I don't know if y'all are as bummed as I am about the London Olympics coming to a close, but I'm taking it pretty hard.
After a month of watching NBC's melodramatic hyper-coverage of these superhumans and their physical exploits, it feels like this chapter of our lives has come to a swift close. It's the cruelest breakup because we knew it had to end the whole time. We would only have this bright, shining moment in the London sun.
Did we watch enough and catch all the best moments? Did the Olympics know how much it meant to us? Will we ever find an Olympics as good as this one?
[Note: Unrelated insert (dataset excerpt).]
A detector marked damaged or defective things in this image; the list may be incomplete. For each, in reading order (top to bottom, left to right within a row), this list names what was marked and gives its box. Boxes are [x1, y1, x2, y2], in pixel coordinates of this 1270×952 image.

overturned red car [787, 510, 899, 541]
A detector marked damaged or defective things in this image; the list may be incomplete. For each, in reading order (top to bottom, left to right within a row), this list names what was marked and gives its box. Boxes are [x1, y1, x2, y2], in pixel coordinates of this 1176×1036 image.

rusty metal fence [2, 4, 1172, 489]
Helping to ease the pain of this passing was the mixed bag of bizarre British performers past and present who sang or played (or lip synched) in Sunday's closing ceremony. It was thankfully less Shakespearean than Danny Boyle's opening ceremony, but it was no less dramatic or cathartic for those of us facing impending singledom.
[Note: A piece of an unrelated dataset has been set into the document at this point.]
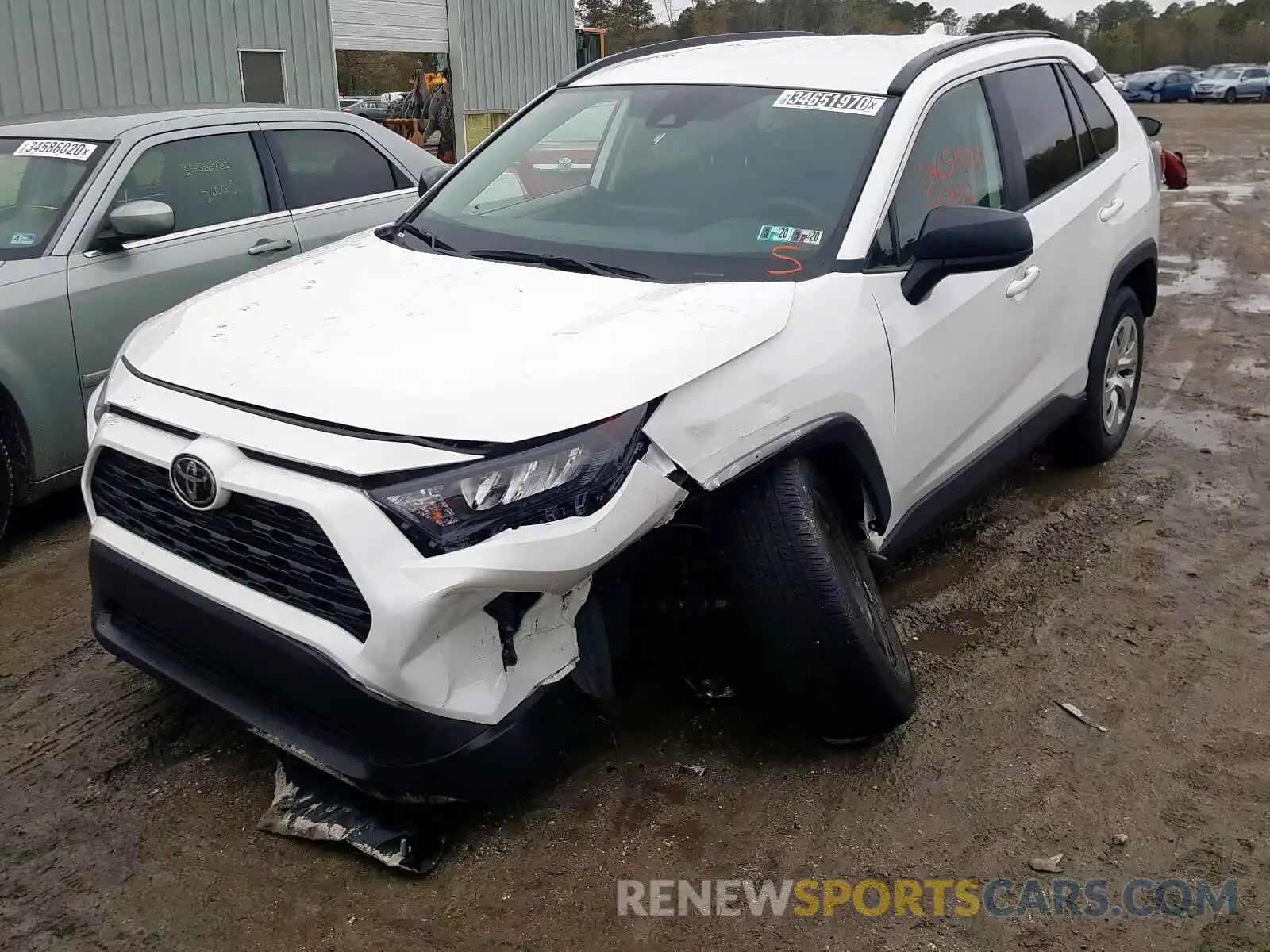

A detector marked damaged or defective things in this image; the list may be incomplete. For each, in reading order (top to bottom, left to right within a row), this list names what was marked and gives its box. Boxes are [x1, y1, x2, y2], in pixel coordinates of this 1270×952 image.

dented hood [126, 231, 792, 444]
broken headlight [365, 406, 645, 555]
damaged front bumper [86, 398, 691, 802]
Take That, The Pet Shop Boys, Jessie J and (thank goodness!) New Direction were all there to remind us that we are just obsessive American pop culture snobs who swallow up this over-romanticized hullabaloo with reckless abandon, just like our forefathers and foremothers.
It's in our nature to love the story of an underdog rising above all odds to claim victory, and we saw that all over these games. But we also love to watch an untouchable demi-god come in and trample all the rest of the puny humans below. These same tropes came to light again in the closing ceremonies themselves, with our musical superheroes getting back up and trying again to show us they still got it.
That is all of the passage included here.